The same week that the Courier interviewed Jacqueline Wilson, it was also reported that the Student Council made the bold move to ban t-shirted pub crawls. The motion meant that the pub crawl companies which were abundant in Newcastle would no longer be able to advertise or sell t-shirts around the building. It was worried that this ban would cost the Union approximately £20,000 a year in missing bar revenue and marketing income, but fears over student safety overruled this. Such crawl companies were argued to contravene the Union’s Sensible Drinking Policy, with the tragic case of an 18-year-old Exeter student who passed away in 2006 during a pub crawl as part of a Golf Society initiation serving as an example of the dangers of such events. Initiations have since been completely banned by NUSU.
Adele’s debut 19 was slated by the Courier with the review giving it only a 3/10 rating. The writer argued that, although Adele “can really sing”, the problem is “when she starts to write songs. Overachingly sensitive to the point of insincerity, great gluttonous globs of sound flop from the album like mockney beached whales. It’s a terrible shame that the powers that be have selected Adele for stardom, but there you have it. As she herself might say, whateva.”
Then President of the Students’ Union Karl Holweger was suspended by the University and faced criminal charges after allegedly assaulting Scandinavian Studies lecturer Glyn Jones in the car park of Newcastle Airport. The lecturer suffered from “a haemorrhage to his right eye, a bruised jaw, bruising around his right eye, cuts to his lips and hand and a bruised kneecap”. Because Holweger was employed by the Union rather than the University, he was unable to attend meetings with the University but could otherwise continue as President, and the other sabbatical officers showed their support by boycotting University meetings. Holweger admitted to police that his “hatred” for Jones had “very personal overtones”, but would not elaborate further. In April of that year, Jones failed to appear in court and all charges against Holweger were dropped. It was rumoured that the University was investigating Jones’ conduct under a “removal of academic staff” statute.
During a pro-choice demonstration outside Newcastle City Hall, demonstrators clashed with police resulting in the detention of one Newcastle student.

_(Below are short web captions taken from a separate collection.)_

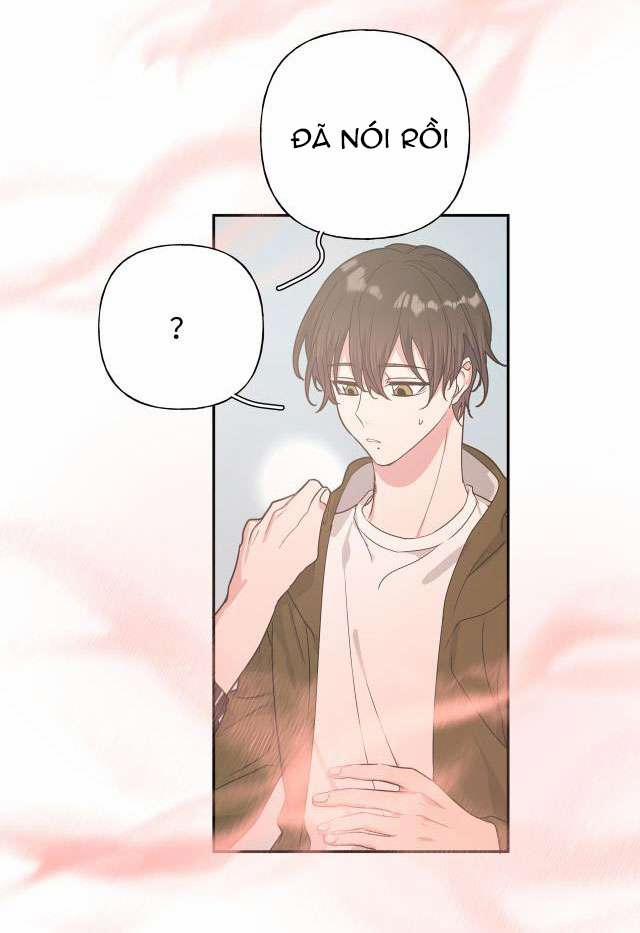 Cẩn Thận Bị Mộng Ma Ăn Sạch Đấy 22 trang 28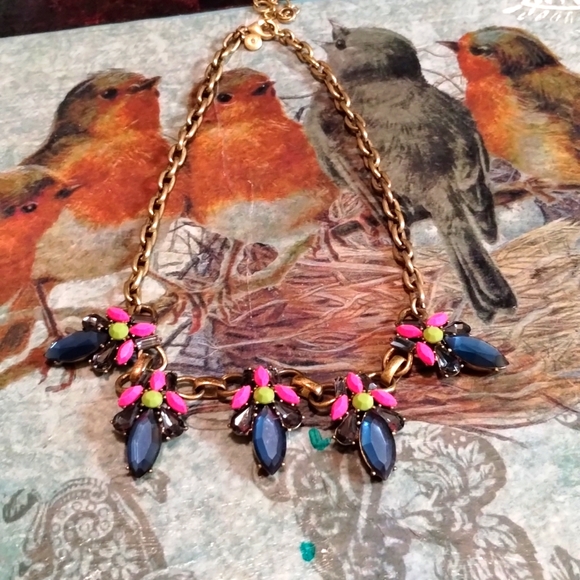 J. Crew Jewelry - J.Crew necklace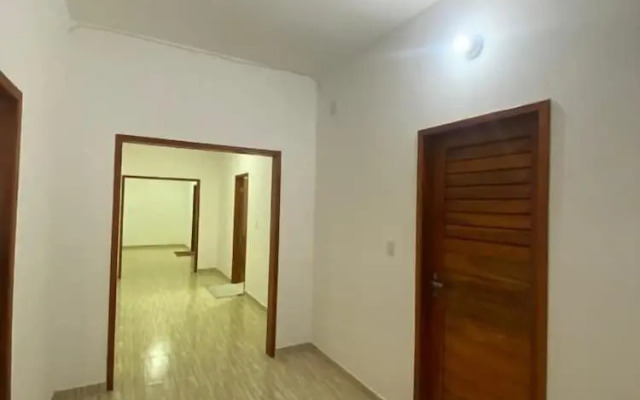Villa Brilho do Sol Jeri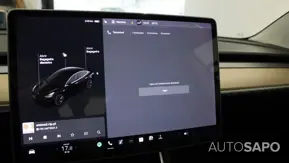 Tesla Model 3 Standard Range Plus RWD de 2019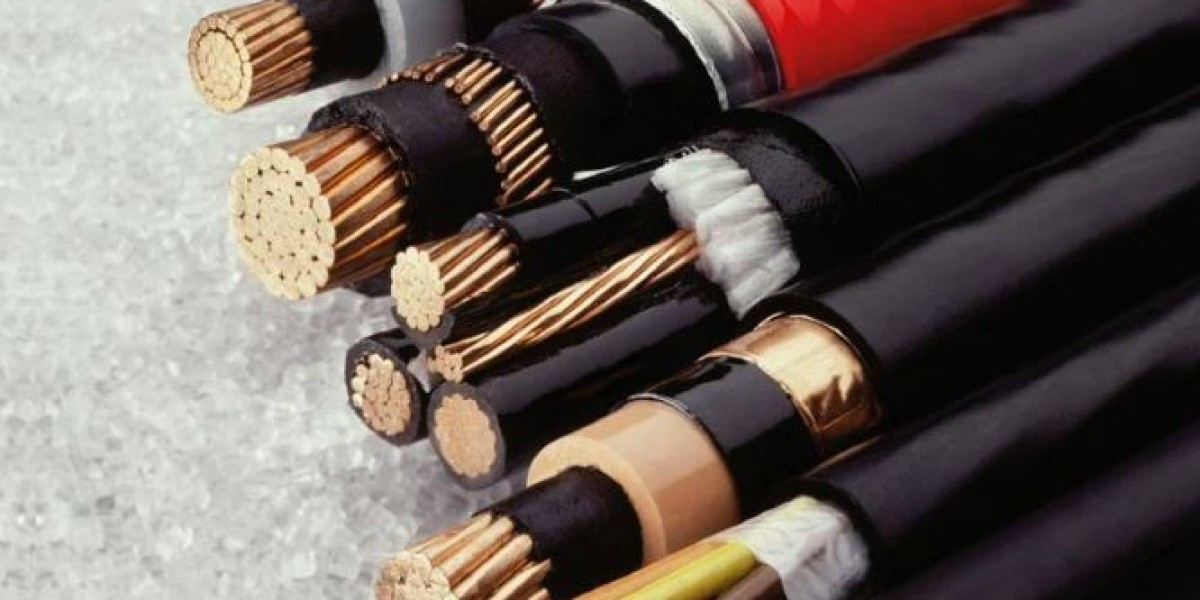 Electrical Insulation Materials Market 2024 Size, Growth Analysis Report, Forecast to 2034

A public meeting held by the Society for the Protection of the Unborn Child (SPUC) was picketed by over 100 students from Sunderland, Newcastle, Northumbria and Durham Universities alongside local women’s groups to protest again proposed amendments by Conservative MPs Anne Widdercome and Anne Winterton to restrict infertility treatment to married women and to reduce the time limit on abortion.

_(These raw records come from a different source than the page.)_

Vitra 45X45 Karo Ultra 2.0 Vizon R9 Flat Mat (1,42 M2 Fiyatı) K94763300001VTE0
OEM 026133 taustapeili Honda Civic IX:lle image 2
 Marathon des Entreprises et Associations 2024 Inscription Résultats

At the demonstration, which took place on a Monday evening, initial police presence was minimal, but intensified when four coaches of SPUC supporters arrived to attend the meeting, which had roughly 700 attendees. A police guard was formed to force demonstrators back and clear a bath for them into the Hall. The situation was intensified still when a SPUC supporter made a Nazi-style salute to the crowd. After the meeting started at 8pm, demonstrators attempted to enter the meeting but were forced back by a line of arm-linked police officers. It was estimated that in total nine police vans, five of which were unmarked, and three police cars were waiting in the Civic Centre Car Park, with approximately 60 policemen in attendance. A member of the University’s Socialist Worker Student Society was detained by police for obstruction.
It was announced that the University’s Geology Department would face partial closure, with Single Honours Geology ceasing to be taught after 1989 and academic staff in the department being reduced from 13 to eight. It was declared that Geology undergraduates would be instead taught at Durham University, while the Geology remnants at Newcastle would have a “strong research role” instead. This was decided in a meeting of the University Grants Committee’s Earth Science Review, which intended to create a Northumbrian Earth Sciences faculty where the universities would “play to areas of strength”, with Geophysics at Durham corresponding being closed in favour of Newcastle’s course.